La mère de cinq enfants a été condamnée à mort sur la base de preuves insuffisantes en 2010 après avoir été accusée de blasphème lors d’une dispute pour une tasse d’eau avec une collègue musulmane dans une ferme.
Salman Taseer, le gouverneur de l’État du Pendjab, et Shahbaz Bhatti, le ministre pakistanais des affaires des minorités, ont été assassinés pour l’avoir soutenue publiquement et avoir critiqué les lois pakistanaises sur le blasphème.
Bibi, âgée de 47 ans, a été acquittée par la Cour suprême du Pakistan en 2018 et vit maintenant en exil au Canada dans un lieu non divulgué après s’y être installée en mai dernier.
L’autobiographie de Bibi, Enfin libre!, a été écrite en français par la journaliste Isabelle-Anne Tollet, qui a fait campagne pour la liberté de Bibi et est la seule journaliste à l’avoir rencontrée au Canada.
«Vous connaissez déjà mon histoire grâce aux médias. Mais vous êtes loin de comprendre mon quotidien en prison ou ma nouvelle vie. Je suis devenue une prisonnière du fanatisme. Les larmes étaient les seuls compagnons dans la cellule», dit Bibi dans le livre.
Elle décrit le fait d’être enchaînée et de porter un collier de fer que les gardiens de prison pouvaient serrer avec un énorme écrou, précise ucanews.com.

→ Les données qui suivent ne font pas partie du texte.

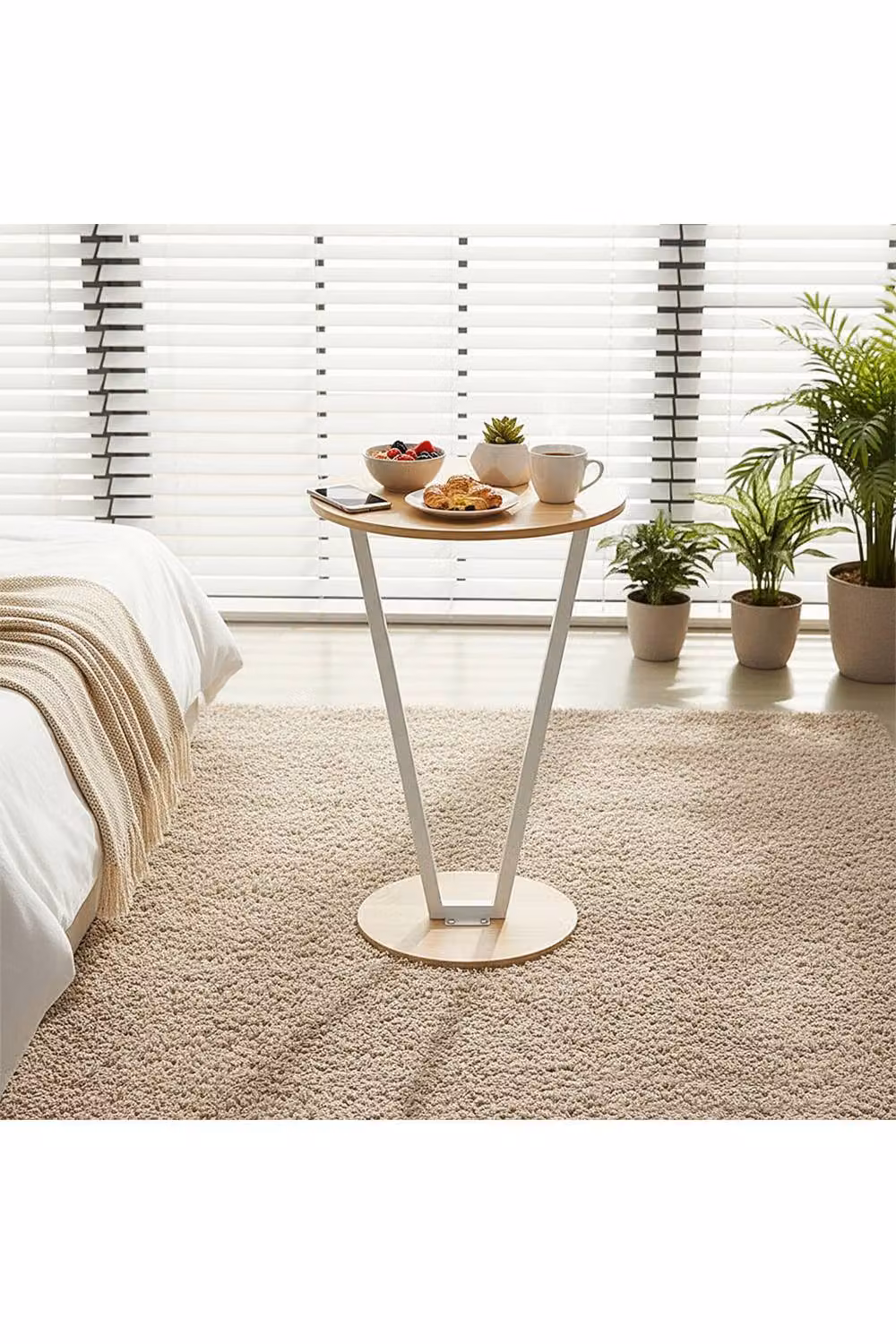 Living and Home Round Rustic Wood Side Table in Natural Brown – 2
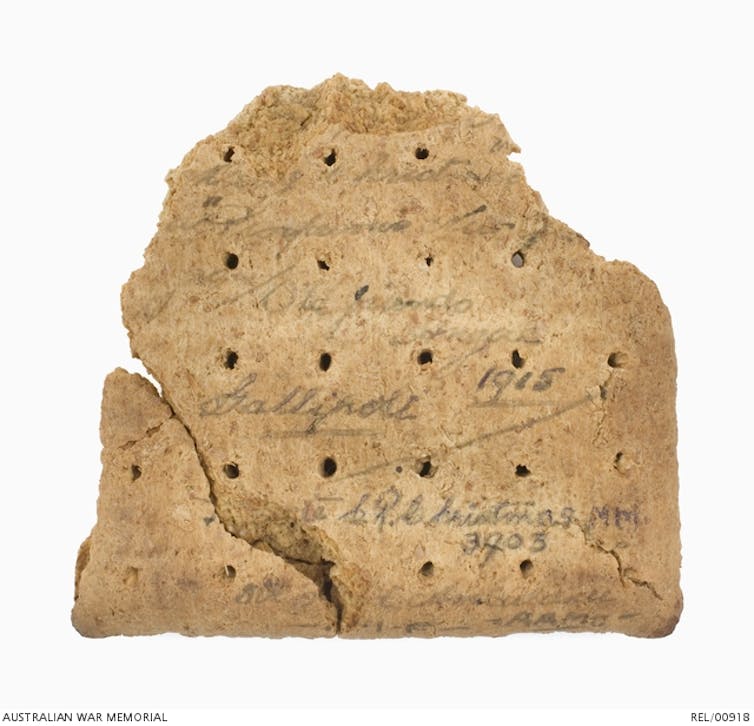 Before the Anzac biscuit, soldiers ate a tile so hard you could write on it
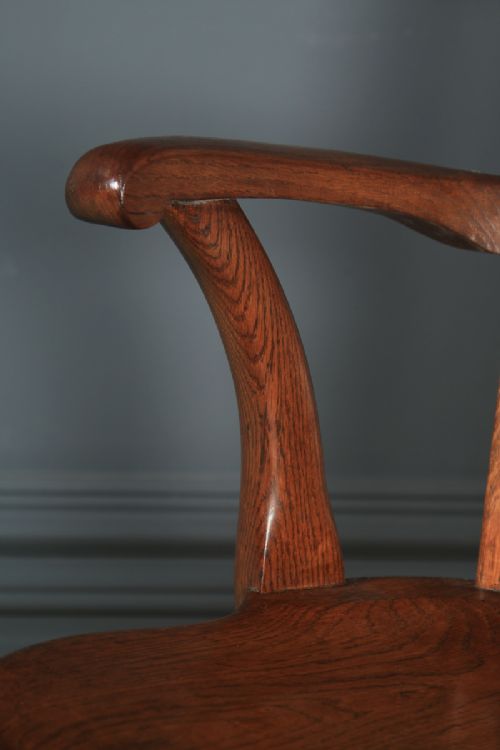 fig 8. Antique English Edwardian Oak Fan Back Office Desk Arm Chair (Circa 1910)
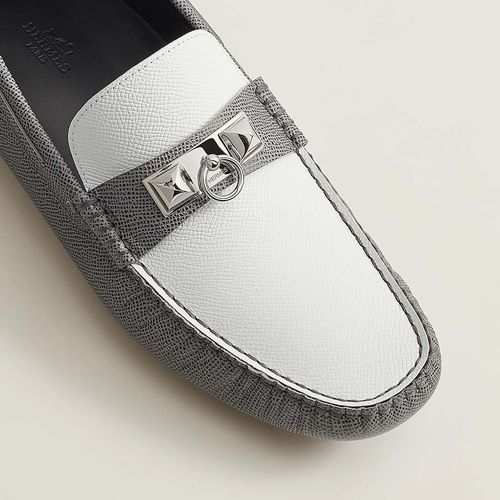 Giày Lười Nam Hermès Irving Loafers Gris Blanc H231932ZH30400 Màu Xám Trắng-4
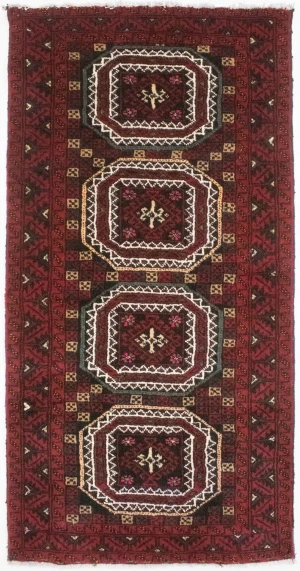 Vintage Red Tribal 3X6 Balouch Persian Rug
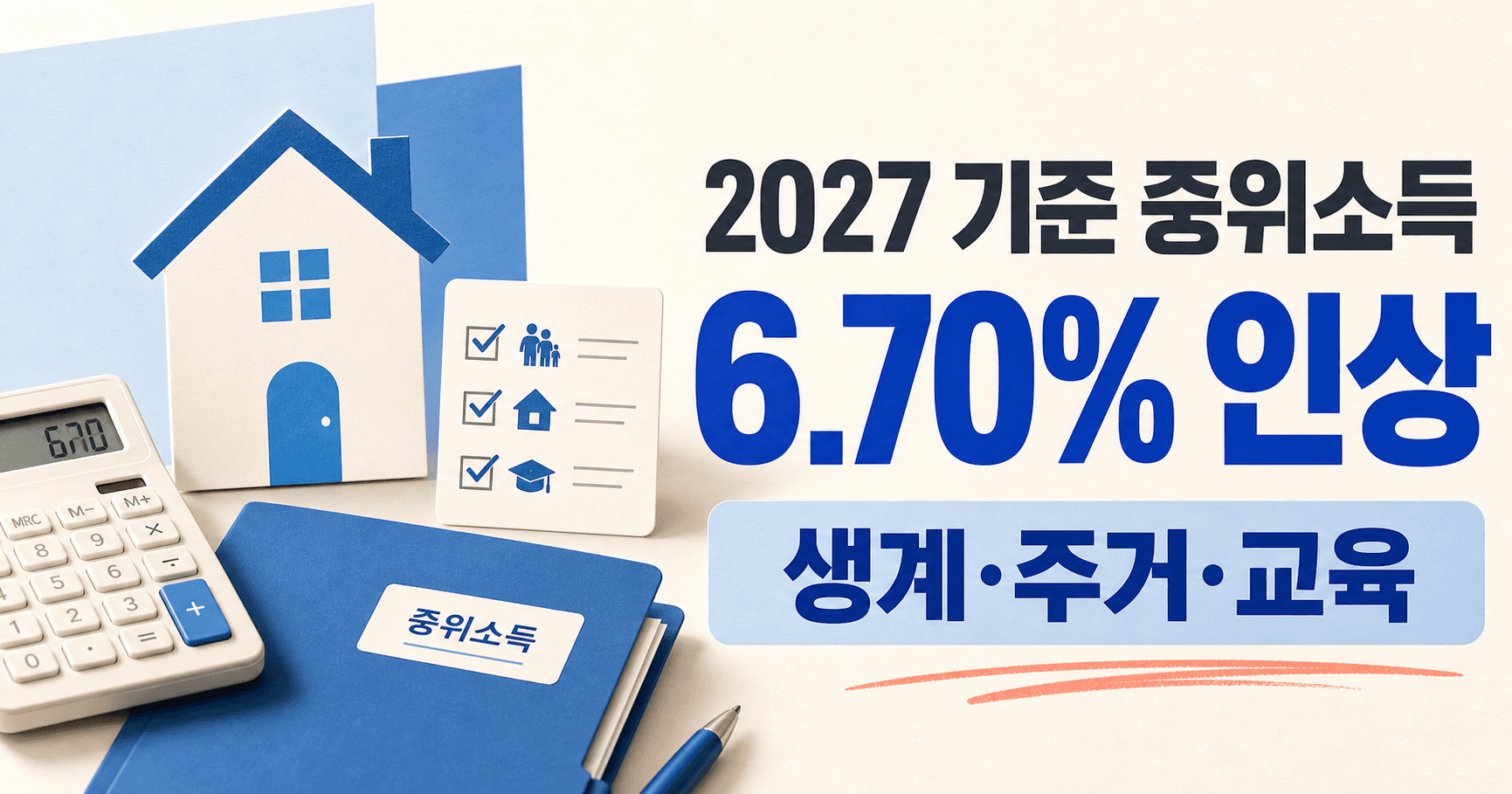 2027 기준 중위소득 6.70% 인상 - 생계급여·주거급여·교육급여 문턱 얼마나 달라지나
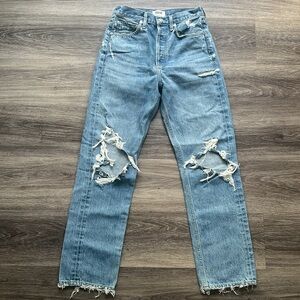 AGOLDE 90s Mid Rise Straight Fit Jeans 24 Broken Knee Casual Denim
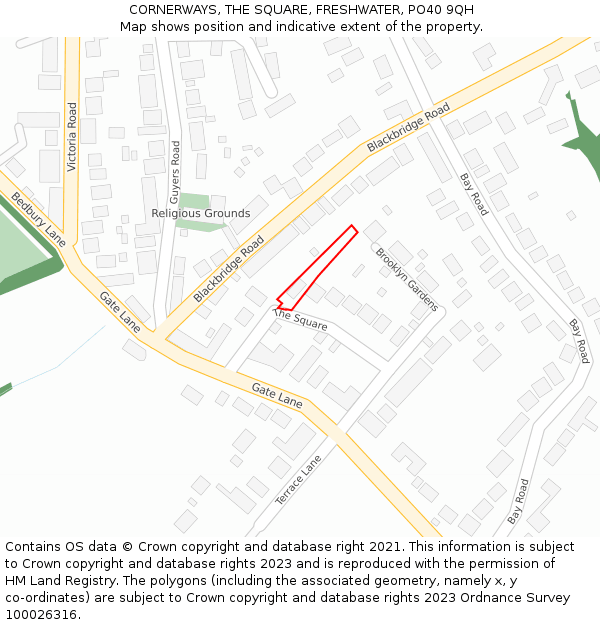 CORNERWAYS, THE SQUARE, FRESHWATER, PO40 9QH: Location map and indicative extent of plot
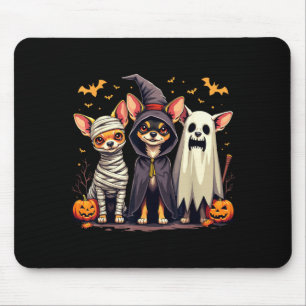 Chihuahua Halloween-Kostüm Mumie Hexe Geist Hund Mousepad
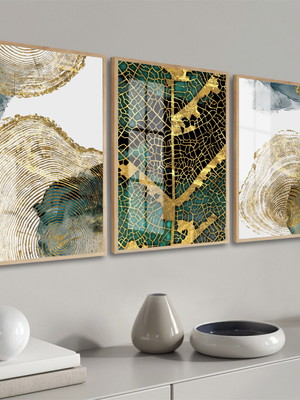 Quadros decorativos folhagem abstrato dourado moldura vidro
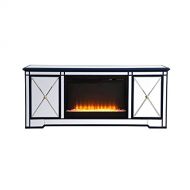 Elegant Decor Modern 60 in. Mirrored tv Stand with Crystal Fireplace in Blue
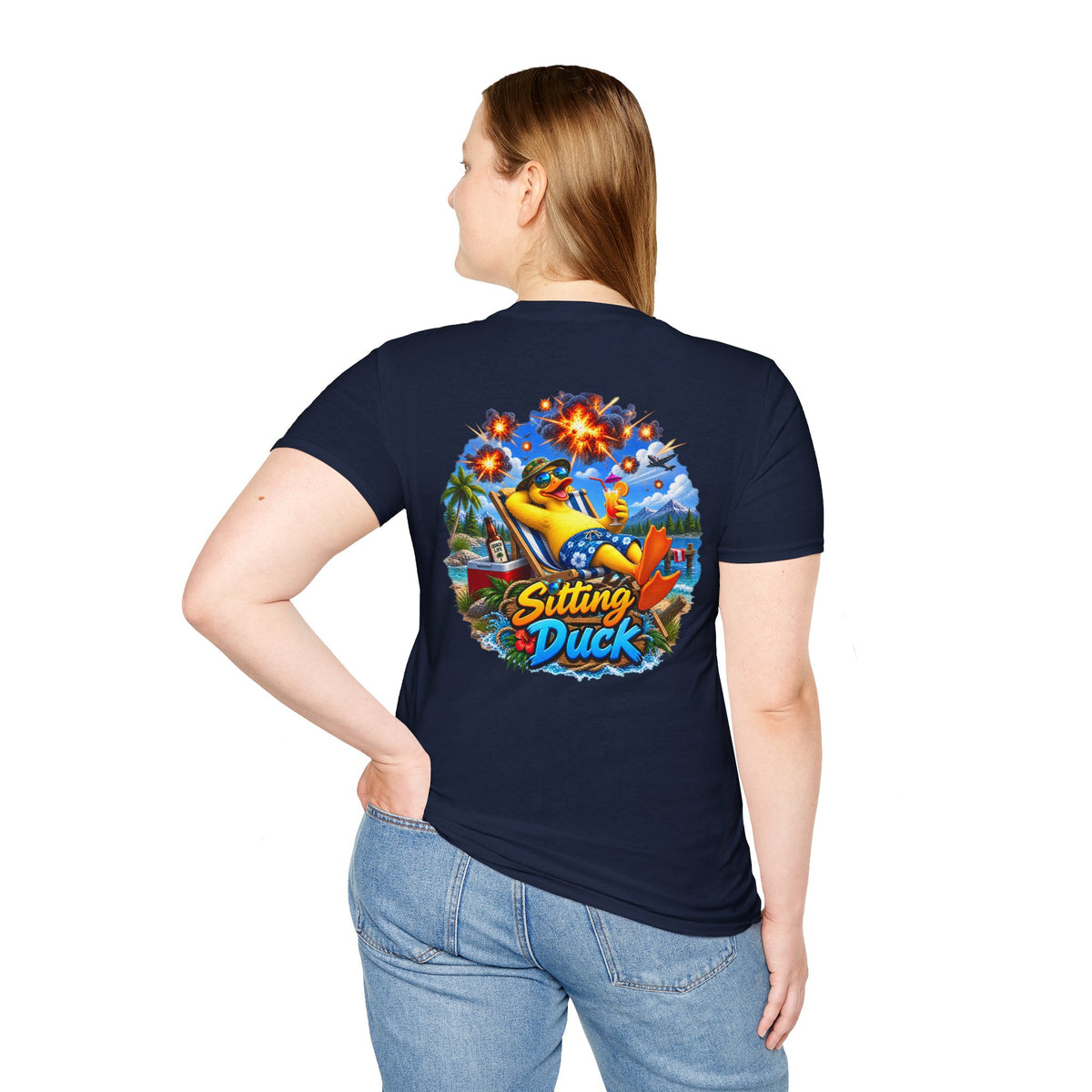 Sitting Duck Graphic T-Shirt – Colorful Tropical Duck - Personalized
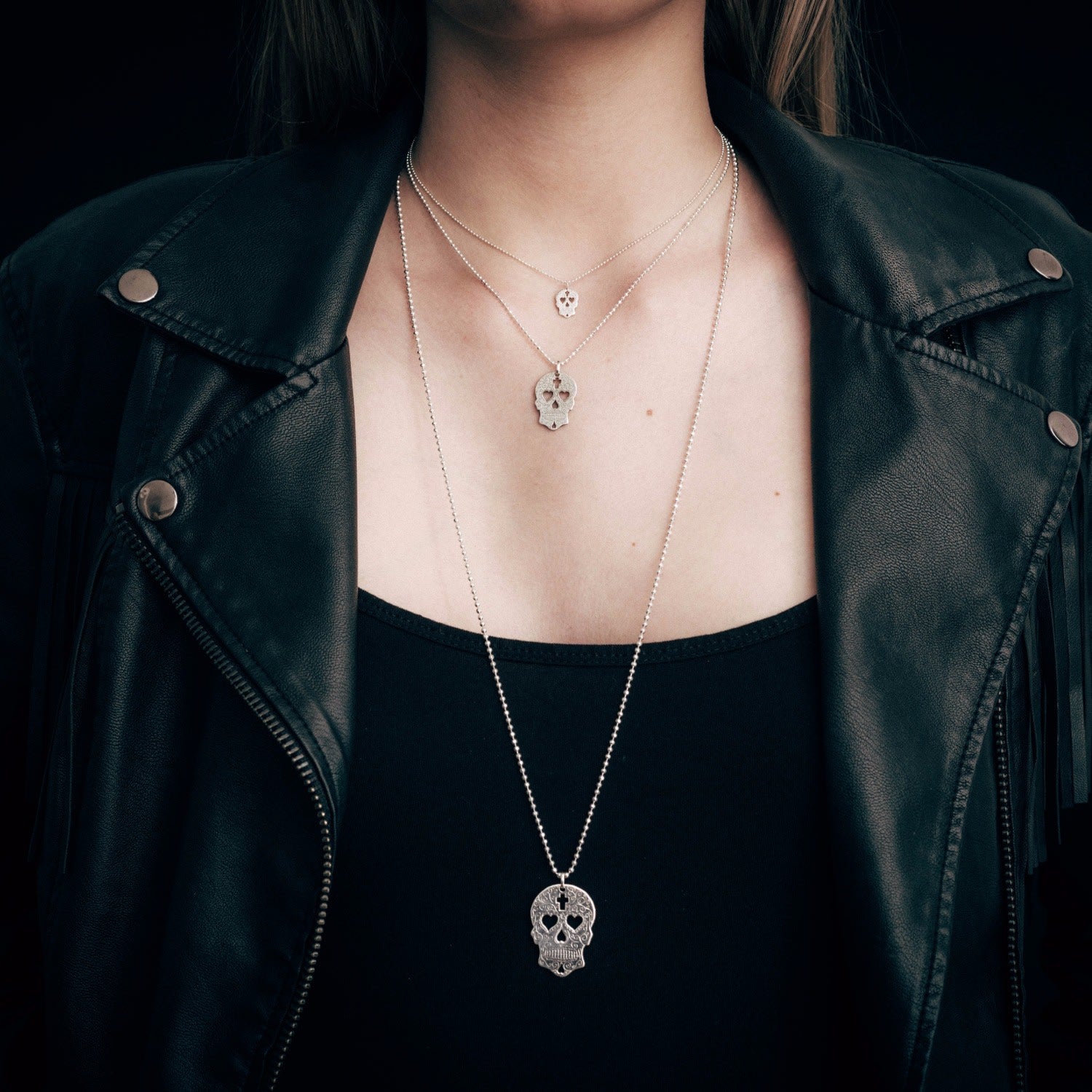 Medium Silver Sugar Skull With Heart Eyes Pendant Necklace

«Au fond de moi, une peur sourde m’emmène vers les profondeurs de l’obscurité. Une peur déchirante qui ne me quittera jamais», dit-elle. «Je suis effrayée par le cri d’une femme. À mort! Les autres femmes renchérissent. Pendue! Pendue!»
Au Pakistan, pays à majorité musulmane, une allégation non fondée d’insulte à l’islam peut mener à un lynchage.
L’acquittement de Bibi a entraîné de violentes manifestations, menées par le chef politico-religieux Khadim Hussain Rizvi, qui ont paralysé le Pakistan.
Dans son livre, Bibi affirme que la minorité chrétienne est toujours persécutée au Pakistan.
«Même avec ma liberté, le climat ne semble pas avoir changé, et les chrétiens peuvent s’attendre à toutes sortes de représailles», dit-elle.
Bien qu’elle soit reconnaissante au Canada de lui avoir donné la sécurité et un nouveau départ, elle craint de ne pouvoir probablement jamais remettre les pieds dans son pays.
«Dans ce pays inconnu, je suis prête pour un nouveau départ, peut-être pour une nouvelle vie. Mais à quel prix?», demande Bibi.
«Mon cœur s’est brisé quand j’ai dû partir sans dire au revoir à mon père ou à d’autres membres de la famille. Le Pakistan est mon pays. J’aime mon pays, mais je suis en exil pour toujours.»
Elle qualifie les lois pakistanaises sur le blasphème d’«épée de Damoclès» suspendue au-dessus de la tête des minorités religieuses.
De 1987 à 2017, au moins 1 500 personnes ont été accusées de blasphème au Pakistan, tandis qu’au moins 75 personnes accusées de blasphème ont été assassinées, selon le Centre pour la justice sociale.